> **Activity**: Each line starting at the one that contains "Inchiriez garsoniera 6 Vanatori - 1" and ending at the one that contains "12796997 Bettmeralp VS" must be returned exactly, and the rest of the listing is left out.

> **Material provided**:
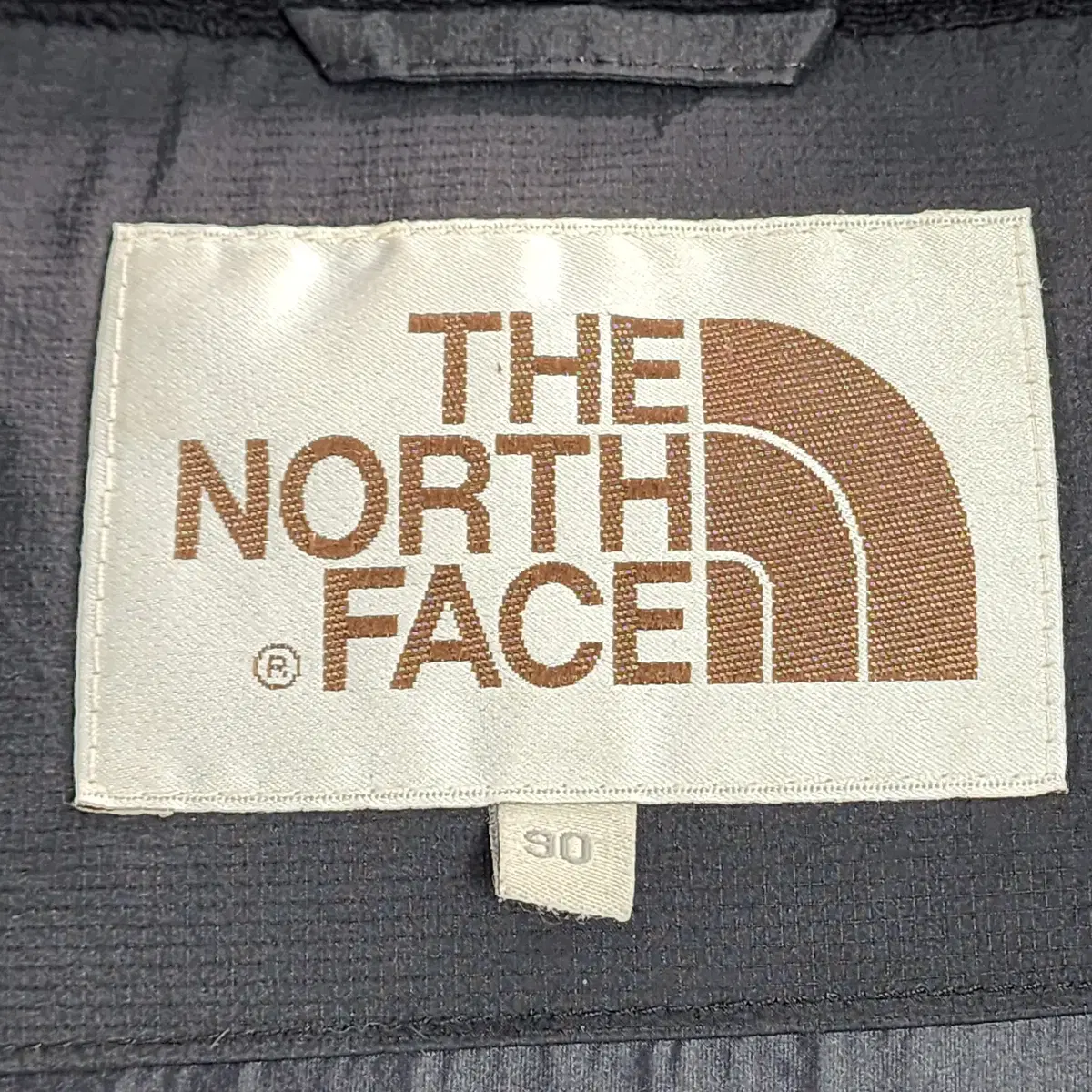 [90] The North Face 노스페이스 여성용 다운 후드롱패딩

* * *

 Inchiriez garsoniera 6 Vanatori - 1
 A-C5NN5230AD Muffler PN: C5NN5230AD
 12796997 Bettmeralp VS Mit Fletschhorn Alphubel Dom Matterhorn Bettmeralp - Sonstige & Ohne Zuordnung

> **Task response**:
 Inchiriez garsoniera 6 Vanatori - 1
 A-C5NN5230AD Muffler PN: C5NN5230AD
 12796997 Bettmeralp VS Mit Fletschhorn Alphubel Dom Matterhorn Bettmeralp - Sonstige & Ohne Zuordnung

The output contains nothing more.